Bodan est un jeune Haïtien qui vit en Guadeloupe depuis l’âge de 9 ans. Aujourd’hui, après 13 années passées dans l’archipel, il est menacé d’une mesure de reconduite à la frontière, en ces temps où l’Agence des Nations Unies pour les Réfugiés demande de ne plus renvoyer les immigrés clandestins Haïtiens dans leur pays d’origine, en raison du contexte de violence et de misère, sur place.

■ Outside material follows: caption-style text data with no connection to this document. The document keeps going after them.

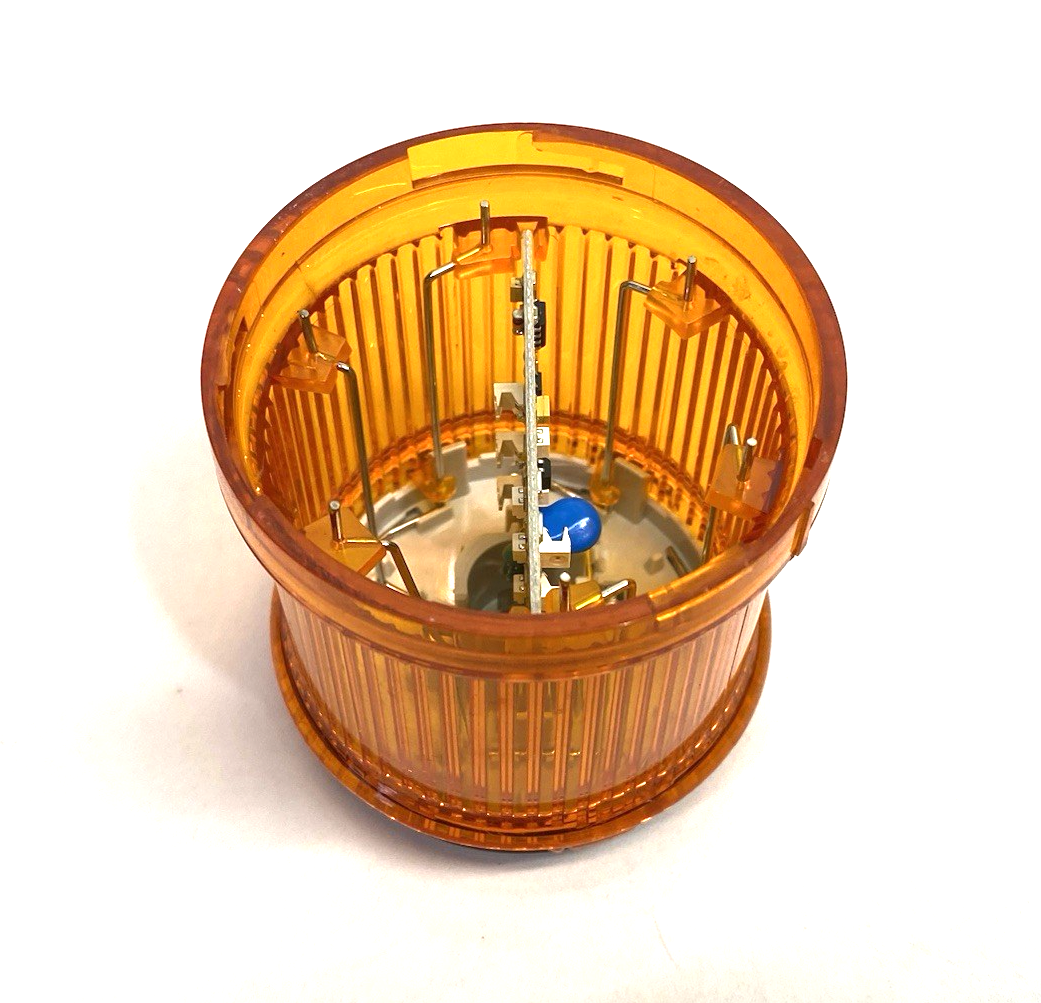 SL7-FL24-A | Eaton Stacklight Module 70mm Continuous LED Amber, 24V - Used - Maverick Industrial Sales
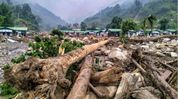 Flood situation improves in Arunachal Pradesh as weather clears; relief and restoration efforts continue Flood situation improves in Arunachal Pradesh as weather clears; relief and restoration efforts continue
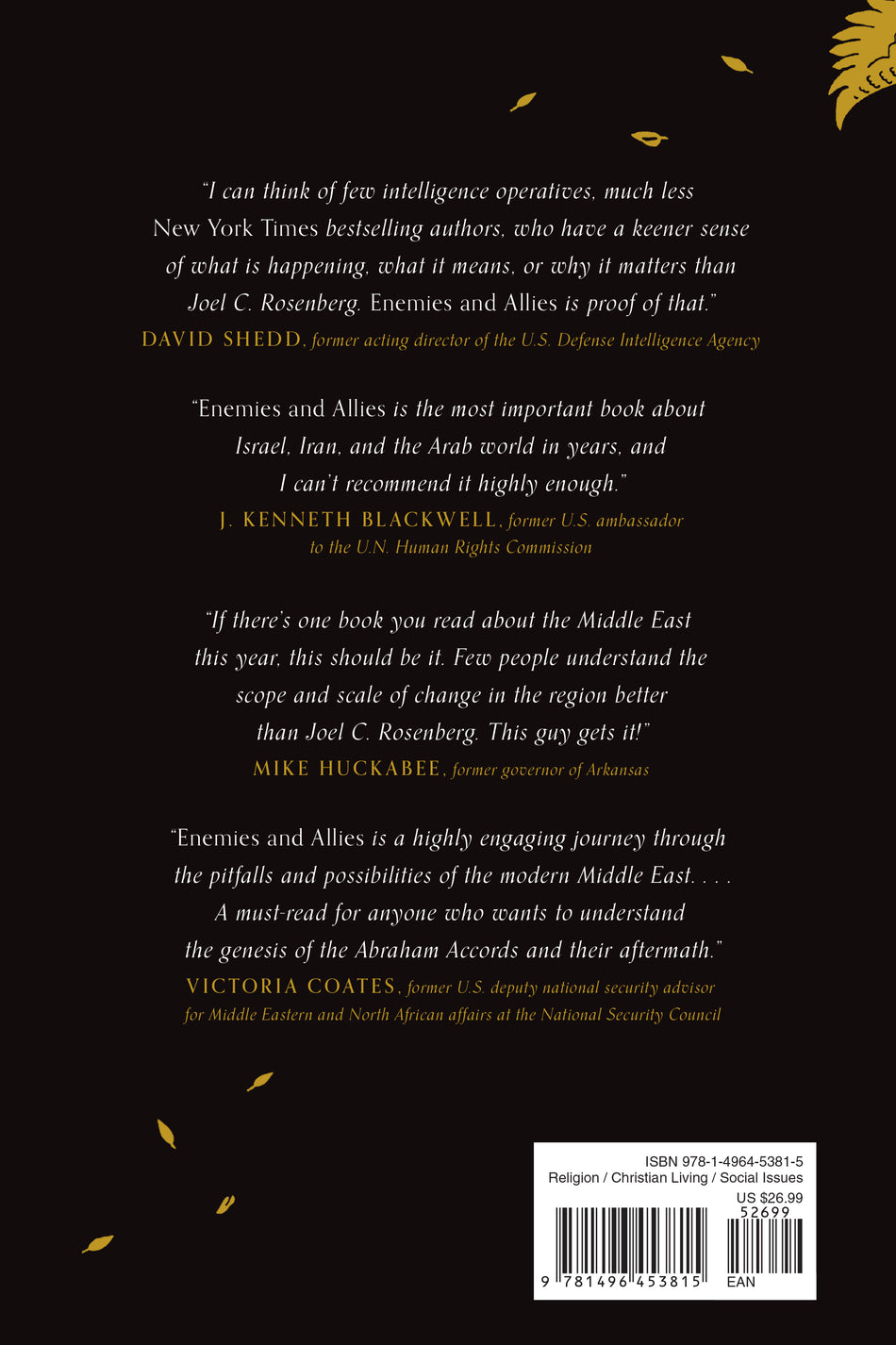 Enemies and Allies by Tyndale, product view 2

En effet, des milliers d'Haïtiens se sauvent actuellement de l'île d'Hispaniola, alors que leur territoire national est en proie à la plus totale déliquescence. La guerre des gangs armés, les violences que ceux-ci commettent, la corruption politique, le Choléra, ou encore la faim, font de la première République Noire, un des pays les plus dangereux au monde, depuis plusieurs mois.

Mais la demande du HCR (Haut commissariat des Nations unies pour les réfugiés) n'a pas été entendue par l'administration française, localement ; celle-ci persiste, en effet, à délivrer des demandes de quitter le territoire, y compris à de jeunes, comme Bodan, dont la mère est en situation régulière en France, de même que sa sœur, née en Guadeloupe.

Son avocat défend actuellement son dossier devant le tribunal administratif. Pour lui, on ne peut pas demander à un jeune de retourner dans un pays en proie à une crise plurielle sans égal, après tant d’années d’éloignement.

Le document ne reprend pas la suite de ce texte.